HopStock is the auto-restock and markdown OS for retail chains. It came out of HopCart — same rabbit, same blue — when we realized the hardest part of running a store wasn't checkout. It was the spreadsheet on the back-office wall.
HopCart lets shoppers scan and walk out. We built it; it ships in 600+ stores. In year two, a manager pulled us aside and showed us her binder — three inches thick, every vendor request for the quarter, every markdown memo, every counter-offer. "This is the real job," she said. "Not the line at the register."
HopStock is what we built after that conversation. The triage queue is her binder, digitized. The markdown manager is the morning email chain she hated. The vendor portal is what we wish the rep on the phone had been looking at when she called him back.
It's a B2B tool for a job that's mostly invisible.

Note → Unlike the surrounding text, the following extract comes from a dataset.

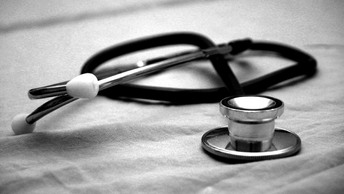В июле действуют новые особенности записи к врачу в поликлинике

We like it that way.
A long-time operator and a long-time engineer. Both of us have shipped product into stores and watched managers fight their own software for years.
If we have to pick between these and a feature ship, the wall wins.
If a customer doesn't see a win inside 7 days, the pilot is failing. We onboard with the team, not at them.
Buyers sign the contract; managers decide whether the product gets used. We bias every roadmap call toward the floor.
Seat counts are visible. Price changes are emailed 90 days out. Annual contracts auto-renew with a heads-up, not a trap.
Audit logs, role designers, CSV importers. The boring features are the ones our customers brag about.